I fail to see how someone electronically (or otherwise) relaying non-
confidential information about a tennis match would in any way harm the
integrity of the match.

------
dmurray
I don't understand why the tennis organisers care so much about cracking down
on this. Their incentives are mainly aligned with the courtsiders: they pay
for seats and facilitate gambling which encourages viewers. The data firms
like Sportradar are the only ones with a financial incentive to stamp them
out: their service is worth more if it's a monopoly. So they must be putting
the squeeze on the tennis federations and threatening to cancel contracts.

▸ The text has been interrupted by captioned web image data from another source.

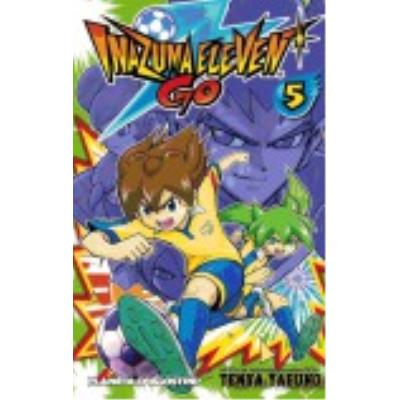 Inazuma eleven go 1 - Tenya Yabuno - Compra Livros na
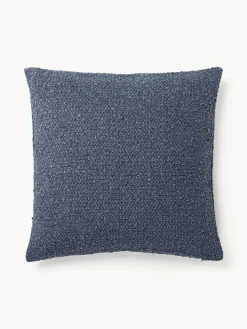 Bouclé kussenhoezen Bellamie^Westwing Collection Hot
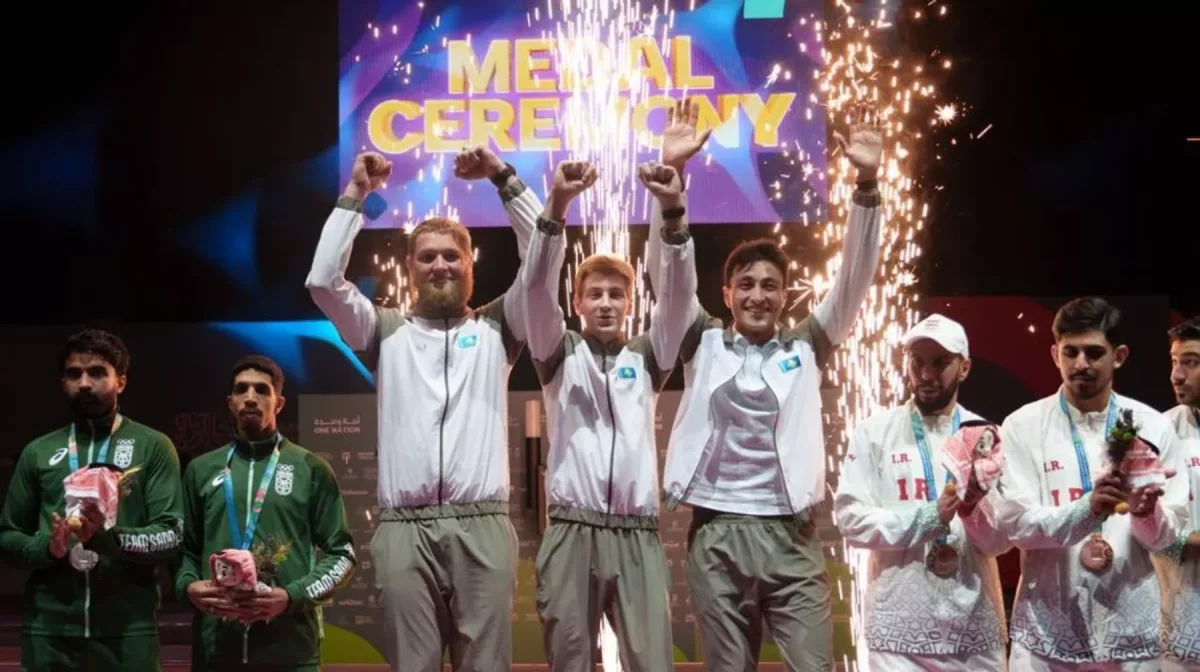 Ислам ойындары аяқталды: қазақстандықтар 56 медаль жеңіп алды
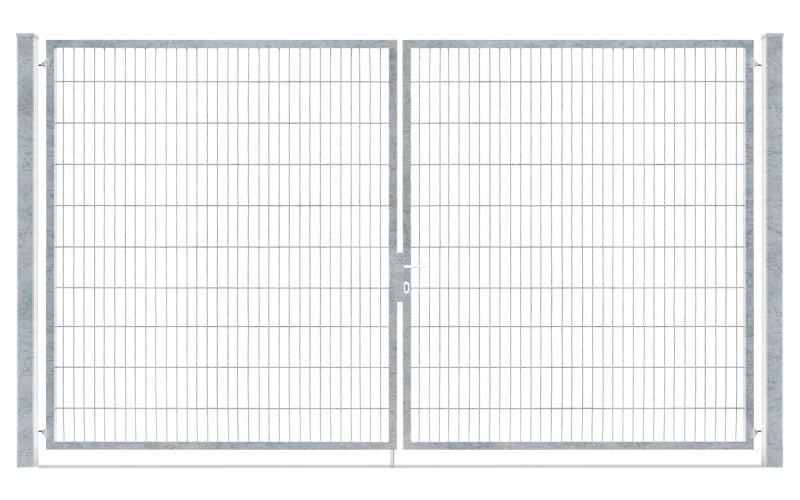 Einfahrtstor VARIO compact - 2flg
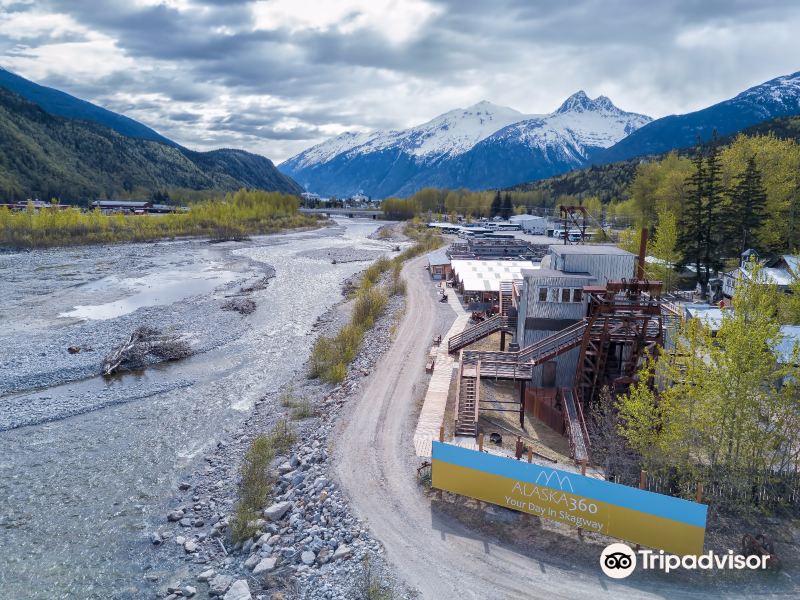 Vilnius to Skagway Flights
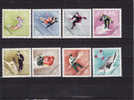C913 - Hongrie 1968 - Yv.no.1938/45 Neufs** - Unused Stamps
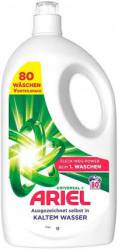 ARIEL GEL 80WL / 3,6L UNIVERSAL+  DE - ŻEL DO PRANIA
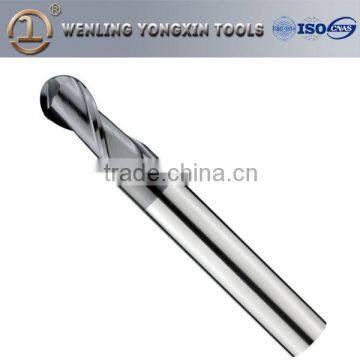 High precision Carbide ball nose end mill, ball end mills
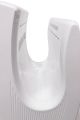 Jet Dryer COMPACT Biely ABS plast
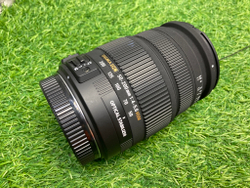 Sigma AF 50-200mm 4-5.6 DC OS HSM Canon EF-S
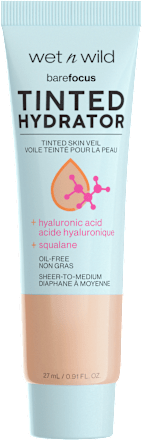 barefocus TINTED HYDRATOR tonirana krema za lice – 1114062E Light wet n wild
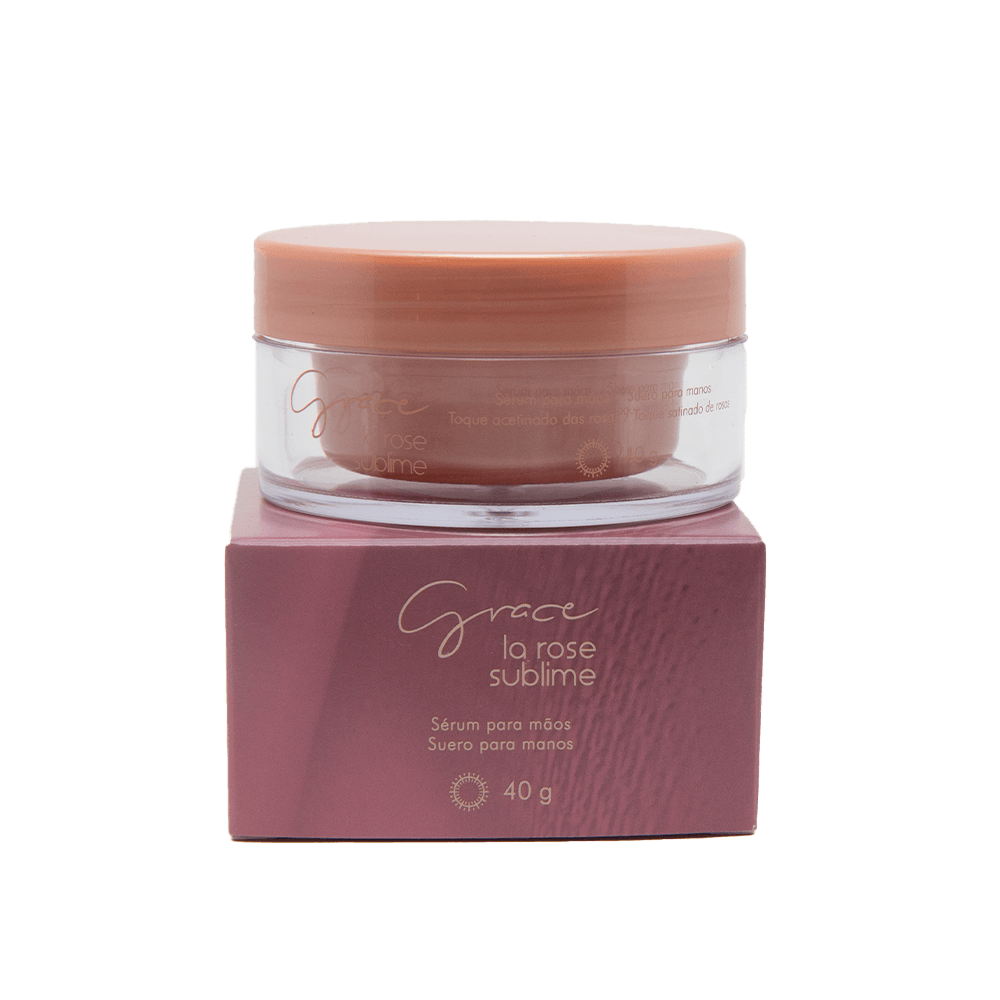 Miniatura de Sérum Grace la Rose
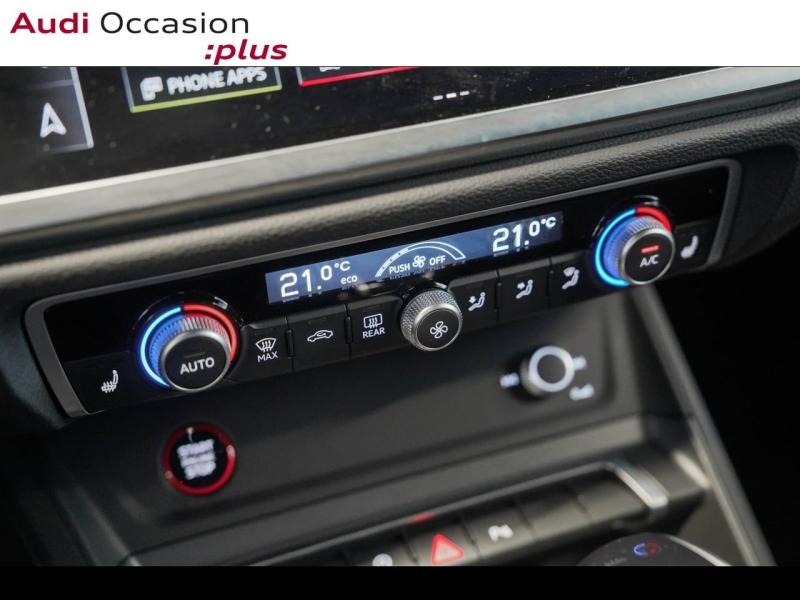 Voitures occasions Audi RS Q3 Sportback Base Vélizy-Villacoublay
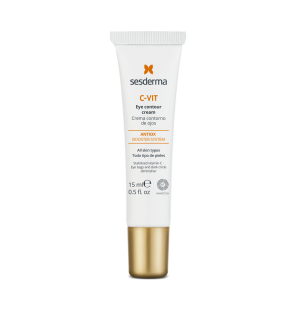 SESDERMA C-VIT crème contour des yeux 15 ml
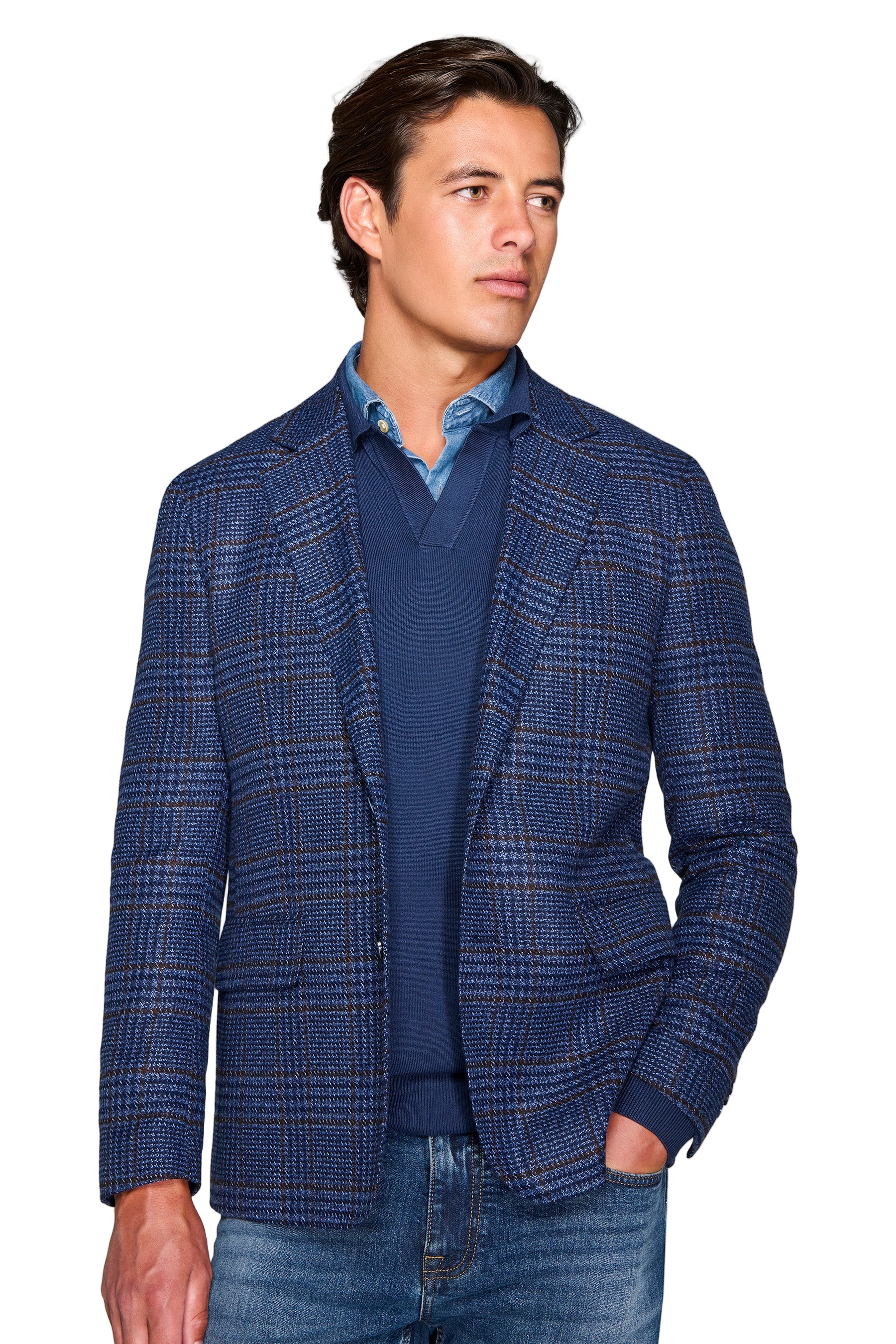 Moška jakna Dan John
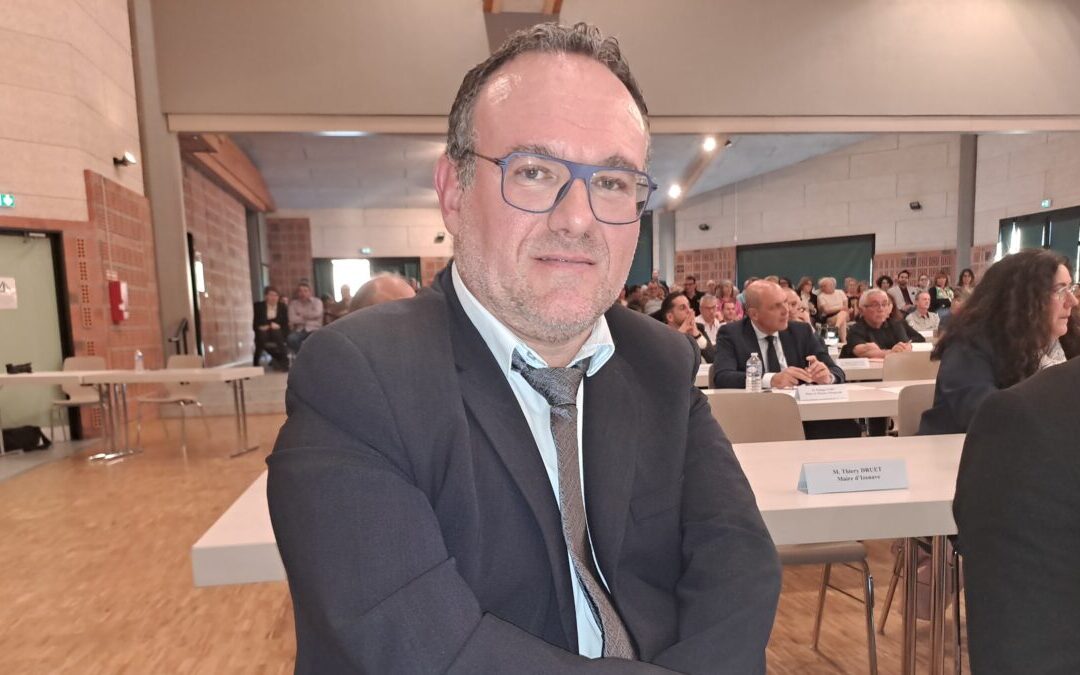 Ain : Damien Abad à la tête de Haut-Bugey Agglomération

It's clear that the Sportradar service isn't competitive for real-time
gambling, but why don't they offer a service that is? Put a guy at each match
entering the scores (and any other information) faster than the chair umpire
and sell that data. If there's enough money to have multiple spotters and
courtsiders (up to 50) at the event, Sportradar should be able to capture
enough of that to employ one person to do data entry.

------
kthejoker2
The most interesting thing to me is that it appears that most of these bets
are really just head-to-head between sparring courtsider: trying to control
the betting line through speed (and betting algorithms.) It's just a high-
stakes game of SlapJack.

"Often, courtsider-led betting syndicates will match up against each other,
putting both the fast fingers at the tournament and their respective
algorithms to a head-to-head test. It’s common for courtsiders to recognize
one another from across the court at a match. At bigger tournaments, they may
spot a dozen or more such familiar faces in the crowd. Brad Hutchins estimated
that there have been as many as 50 courtsiders working simultaneously inside
the main stadium at a Grand Slam; another thought the number could be nearly
twice as high."

------
skummetmaelk
HFTT, High Frequency Tennis Trading.

------
jrockway
I'm looking forward to the day when people start using satellites to collect
data on sporting events. Satellites can't trespass, and they aren't subject to
TFRs. Too expensive right now, but won't be for long.

Of course, I guess the events can always be held indoors.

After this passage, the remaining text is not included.